The use of cloud-based data processing and storage has grown significantly in the past decade, a trend that is expected to continue. A recent IDG Enterprise survey reported that 70% of organizations surveyed had moved at least part of their data or infrastructure to the cloud, with another 16% planning to do so within the next year. Cloud data storage is no longer something that “other companies” do. The value in both cost savings and time-to-market means that most organizations can realize a benefit from moving at least some data and applications to the cloud.

When comparing cloud to on-prem, each has a number of benefits and shortcomings. On-prem data storage is inherently more flexible, because you can configure your environment exactly how you want it. Cloud data storage reduces up-front costs by eliminating some hardware purchases and data center build-out costs, and can often be configured in hours as opposed to weeks or months for on-premises storage. There is no one-size-fits-all solution; some apps will be a better fit for the cloud, while others work better with on-prem storage and processing.

Which Is More Secure: On-Prem or Cloud Data?

Of the reasons given to resist cloud data storage, by far the one I’ve heard the most is a concern over security. The traditional approach for applications and data storage has been to keep those things within the walls of the organization, especially when the nature of the data is especially sensitive (such as HIPAA or other PII data). I can’t count the number of times I’ve heard someone say that they’d never migrate a particular workload to the cloud because it isn’t secure enough.

I really do sympathize with the emotion of such a statement. Moving sensitive data from a location over which you have physical control (a data center) to one that you don’t (cloud storage) feels like you’re surrendering control of that data. For those unaccustomed to trusting an outside vendor to host their data, this can be an uncomfortable feeling.

However, to look at this in context, think about all of the ways your data is currently being used even when stored on-prem. The odds are high that one or more of these statements is true:

  • Some internal “super users” have carte blanche access to data
  • Some systems allow for generic password-based logins (such as using SQL logins rather than Windows authentication), permitting largely unaudited data access
  • Access to the database itself is controlled and audited, but the backups do not have the same level of security
  • Those responsible for monitoring your firewalls and other barriers also wear a lot of other hats, and/or do not provide 24x7x365 coverage for security monitoring
  • Backups of data are physically transported offsite
  • Service accounts that run core database services (such as SQL Server Agent) have broad permissions for data access for convenience
  • Some data extracts shared with outside vendors, who may also be permitted to share it with their vendors as needed
  • Some vendors even have direct access to your systems
  • Data from third parties is imported into your systems on a scheduled basis using automated tools
  • Nontechnical vendor staff (such as janitorial or building maintenance personnel) have physical access to locations where data is stored
  • Password length and/or complexity is not systemically enforced

This is a very small subset of an innumerable list of activities that require a good deal of trust in people, both internal and external. Data loss and data breaches are only as secure as the weakest link in the virtual chain, and it is far more likely to have a failure of either human error or system design than to have such an event occur simply because you chose a cloud platform versus storing data in-house. A bad guy will have a much easier time crafting a social engineering breach or dictionary attack than hacking the platform itself, whether on-prem or cloud.

Security Depends on You

This doesn’t mean you shouldn’t ask tough questions regarding security when selecting a cloud vendor. When evaluating those services, ask about topics like colocation, multitenancy, penetration testing and monitoring, and physical security. Ask how and when their vendors and partners would have access to your data. Apply at least as much scrutiny in this decision as you apply to other vendors who will have access to your data. But don’t assume that the data is not secure just because you don’t have physical control to the data center or media.

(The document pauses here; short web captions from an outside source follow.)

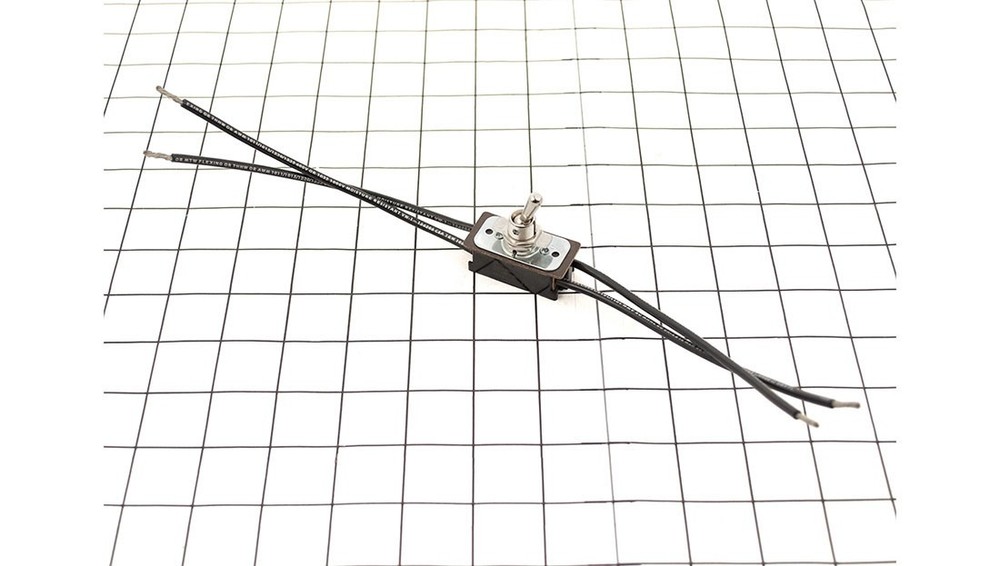 Vacuum Cleaner Part # 295-1251 - Switch Assembly.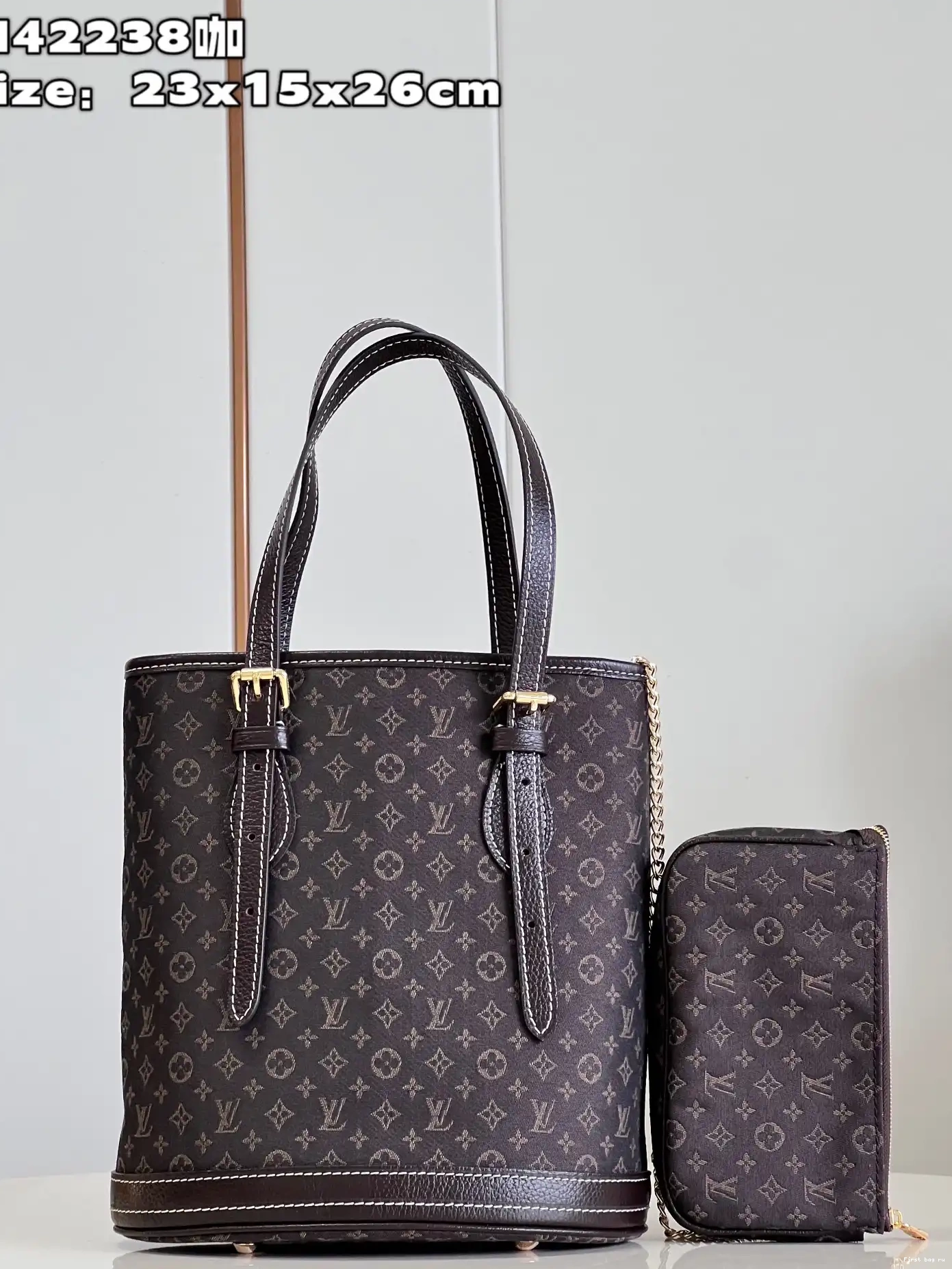 Frstbag ru NANO VUITTON BUCKET LOUIS 0625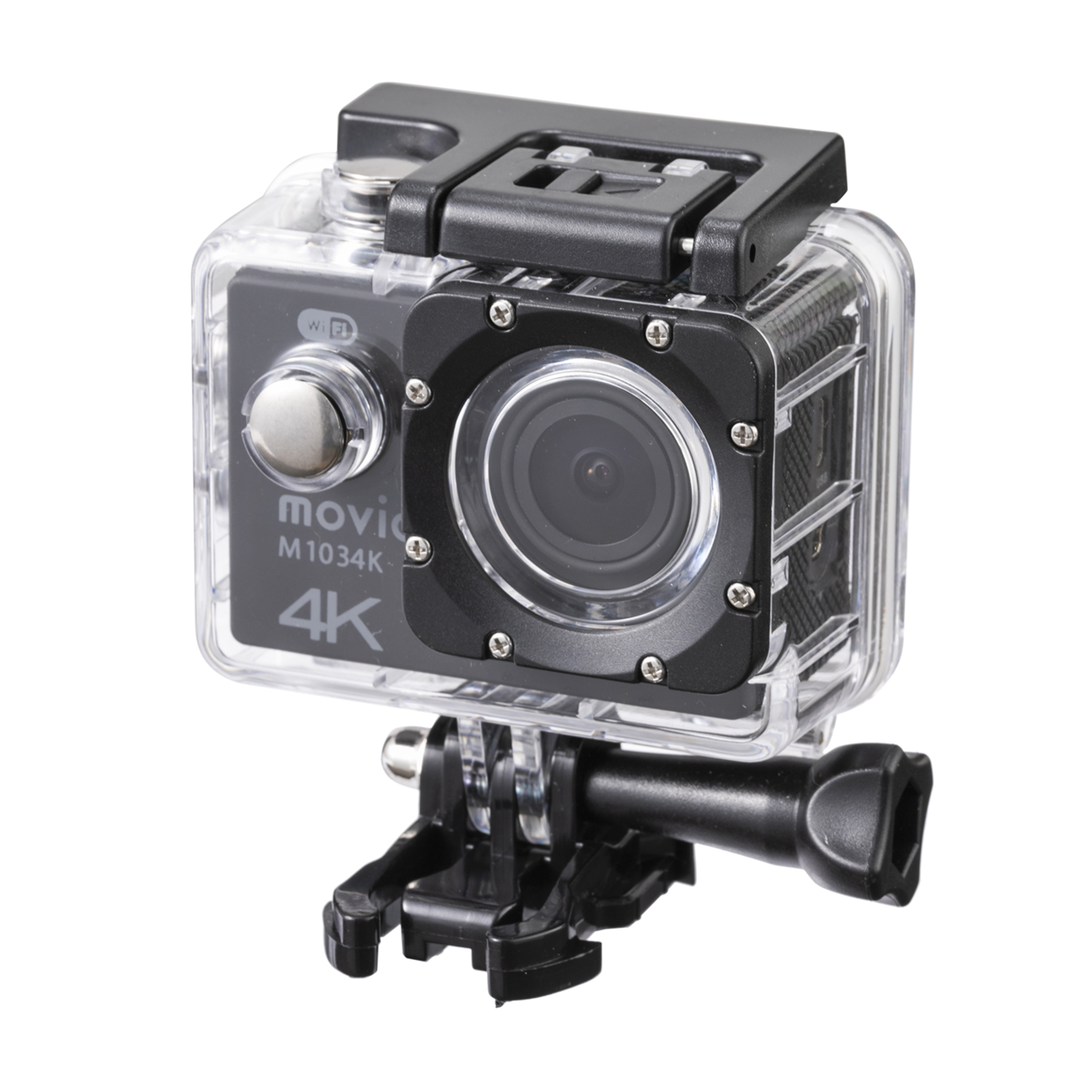 movio アクションカメラ 6
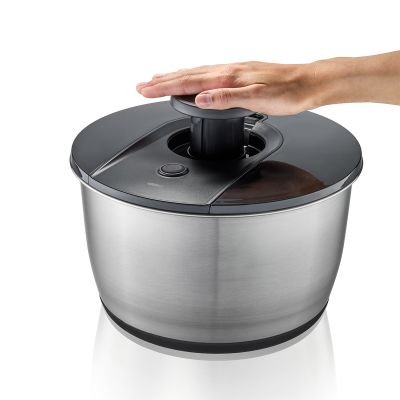 Gefu Push It Steel Salata Kurutucu - 3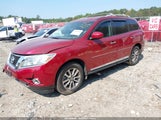 Nissan Pathfinder Sl 5N1AR2MM7DC632447 снимка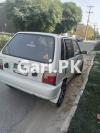 Suzuki Mehran VX 2018 For Sale in Lahore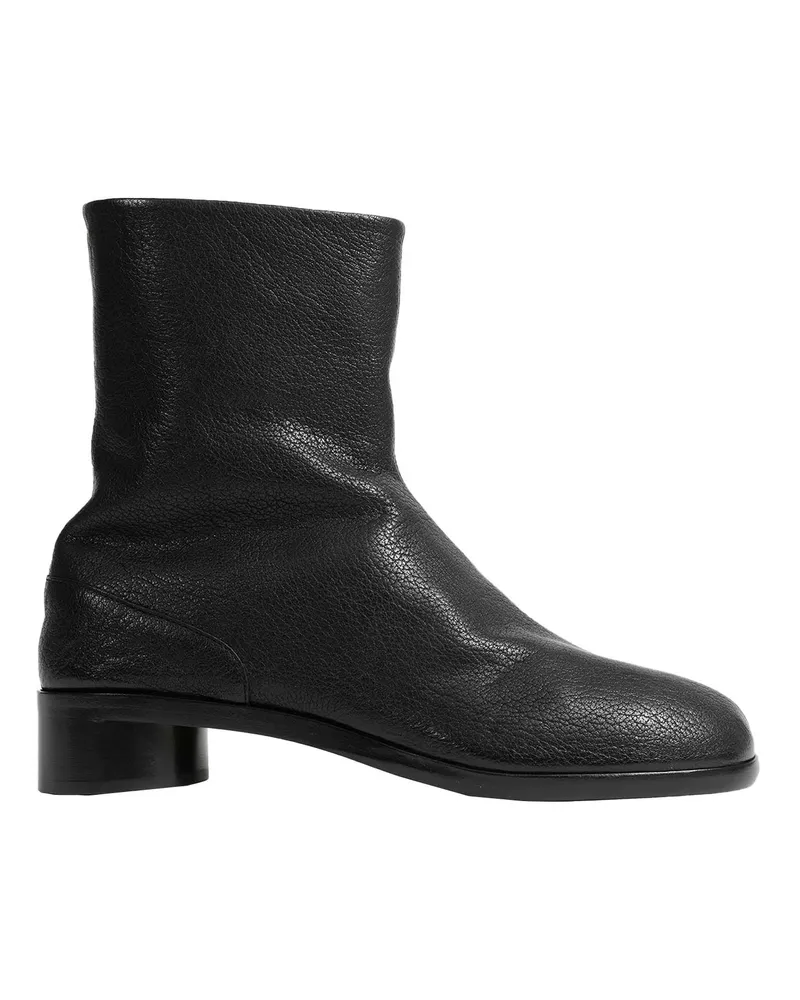 Maison Margiela Tabi Ankle Boots Black
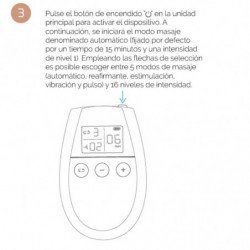 U TONIC ELECTROESTIMULACION TONIFICACION Y REAFIRMACION MUSCULOS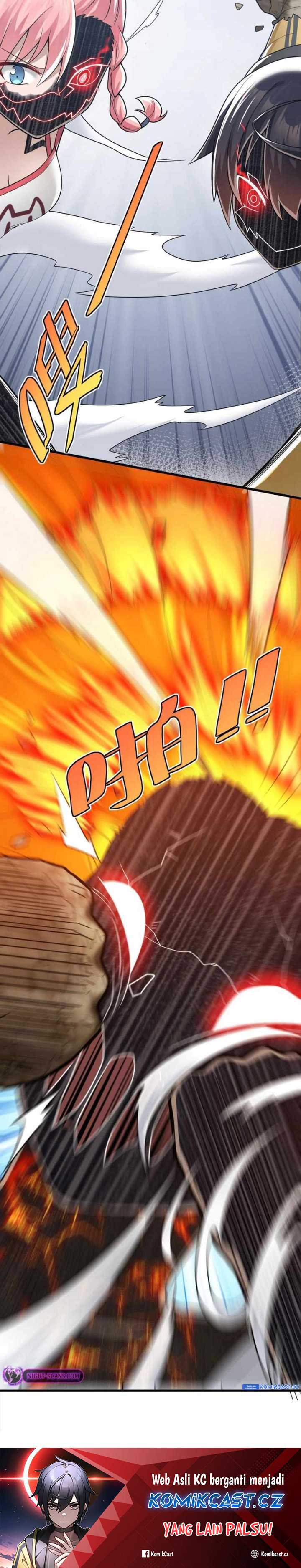 Transformed Into A Piece Of Land Chapter 13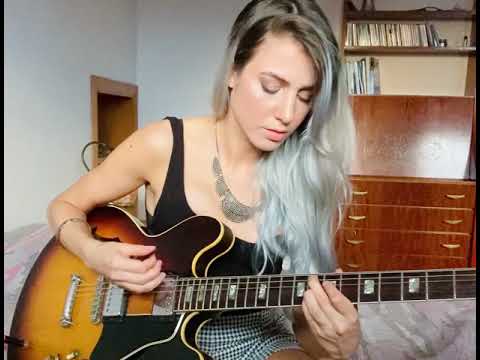 Simona Sansovini - 12 bar blues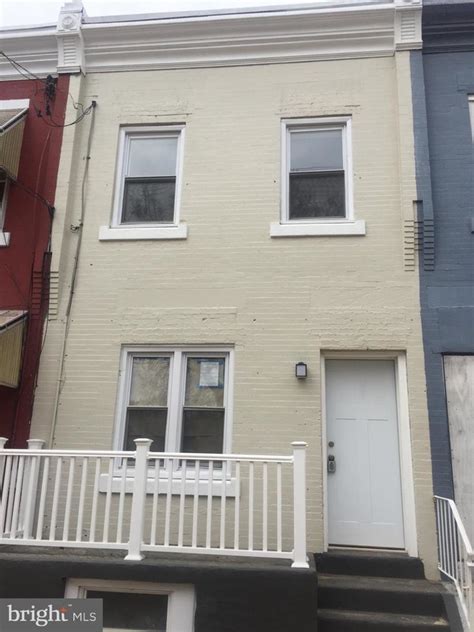 1728 N Marston St Philadelphia Pa 19121 Townhome Rentals In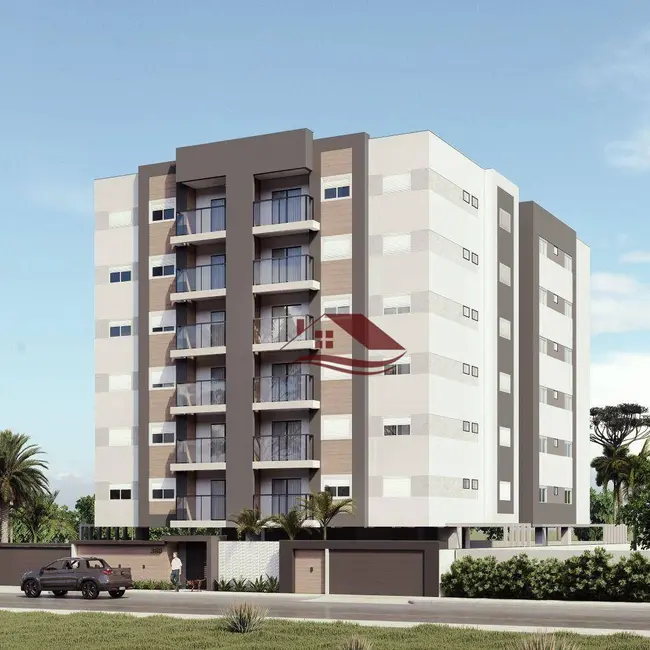 Foto 2 de Apartamento com 3 quartos à venda, 95m2 em São Carlos, Pouso Alegre - MG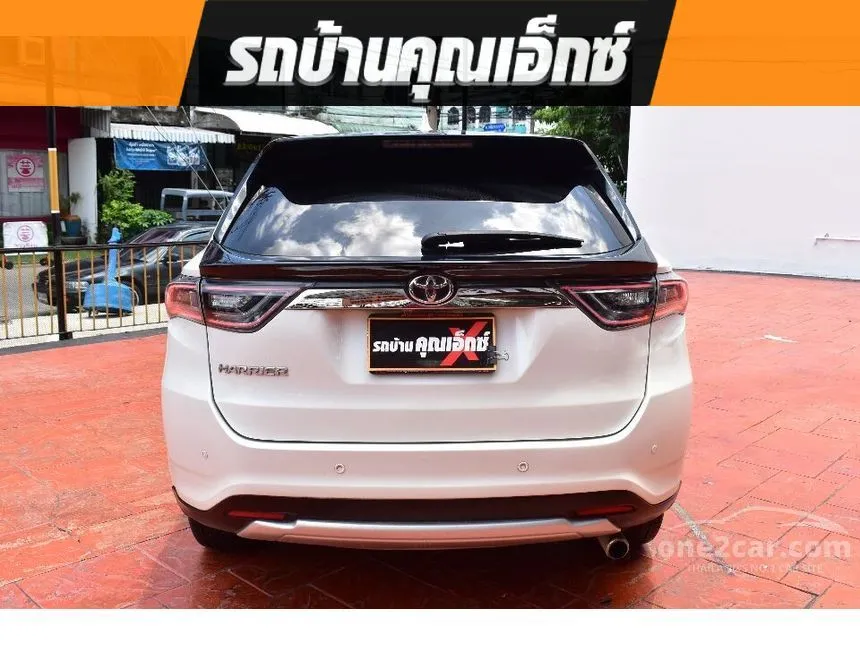 2015 Toyota Harrier PREMIUM Wagon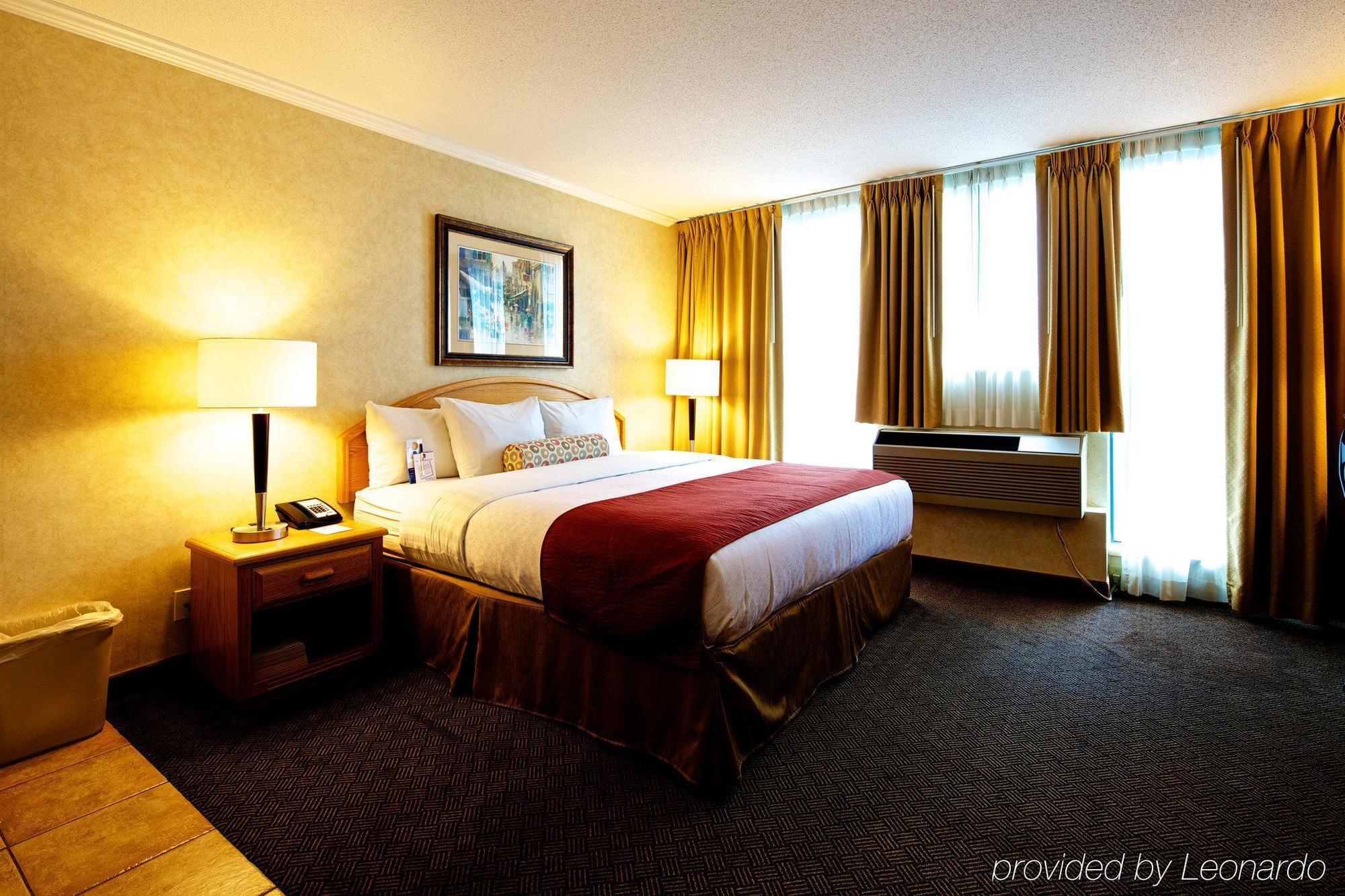 Grand Park Hotel & Suites Downtown Vancouver, Ascend Hotel Collection Εξωτερικό φωτογραφία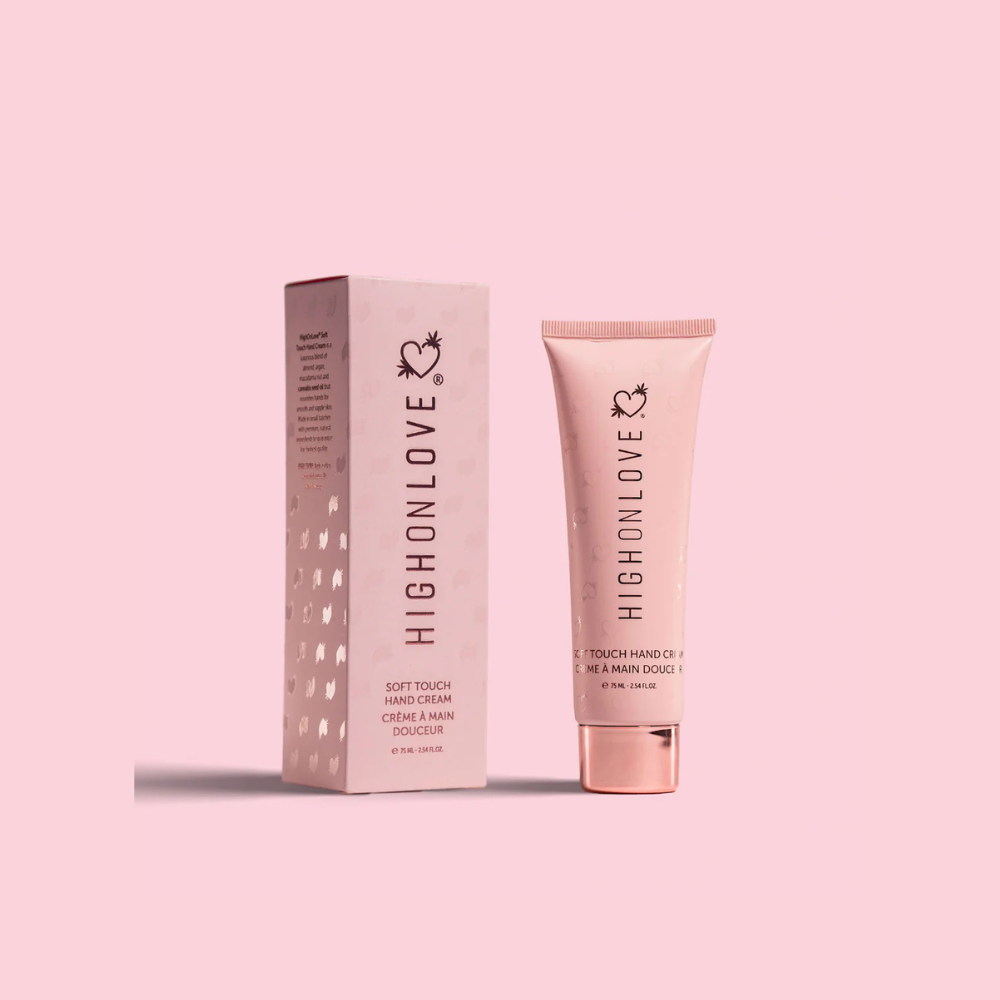 High On Love Soft Touch Hand Cream
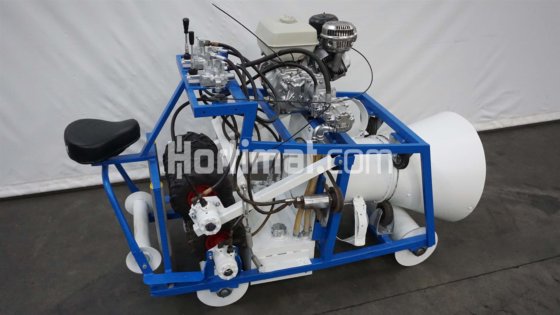 Heecon Gewas bindmachine Speedy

When choosing the cloud for application or data storage, you’re simply trusting a different team to handle what your in-house staff would manage for on-prem storage. In many cases, the cloud vendor will have deeper expertise, better proactive monitoring, and round-the-clock coverage that an in-house team may not be able to provide.

As a business owner, I trust my application and data storage needs to cloud solutions. Tyleris Data Solutions does not own any physical servers, instead relying on trustworthy cloud vendors to store our mission-critical data. There will be some workloads that I would want to handle in-house in a local colocation, but with respect to security, my vendors are far better equipped to manage round-the-clock security than my team is.

The fact that you can walk into your data center and physically touch the server hosting your on-prem data does not make that data more secure. Proximity does not imply security. Data and applications are only as secure as you make them, whether hosted in-house or in the cloud.

Designing in Absolutes

Designing in Absolutes

Designing in AbsolutesThere are absolutes that are true of data modeling and architecture, but these are fewer in number than most people think. There is a liberal use of the words “always” and “never” handed out as technical advice, and while it is usually well-meaning, can lead to a design myopia that limits one’s ability to adapt to atypical application needs.

“You should always have a restorable backup for your production databases.” It would be hard to find anyone to argue a counterpoint to that statement. Similarly, a declaration that all source code should be stored in some form of source control is a generally accepted truism for any data project (or any other initiative based on code, for that matter). Most such absolutes are broad and generalized, and are applicable regardless of architecture, operating system, deployment platform (cloud or on-prem), or geographic location.

It’s much more rare to find absolutes that apply to specific design principles. However, that doesn’t keep some folks from incorrectly asserting absolutes. As I wrote in a post last year entitled Technical Dogma, we are creatures of habit and tend to favor tools or solutions we already know. This tendency coupled with repetition leads to a sort of muscle memory in which we become loyal – sometimes to a fault – to the methods we prefer to build things.

Designing in Absolutes

When we assume that a particular way of doing things is the only way to do it, we make assertions such as the following:

  • Every dimensional design should be built as a star schema. There are no valid reasons to build a snowflake schema.
  • You should never use the T-SQL MERGE statement to load data.
  • Anything with more than a terabyte of data belongs on premises, not in the cloud.
  • I’ll never use ETL again. Big data tools can do everything ETL can, and more.
  • Database triggers should never be used.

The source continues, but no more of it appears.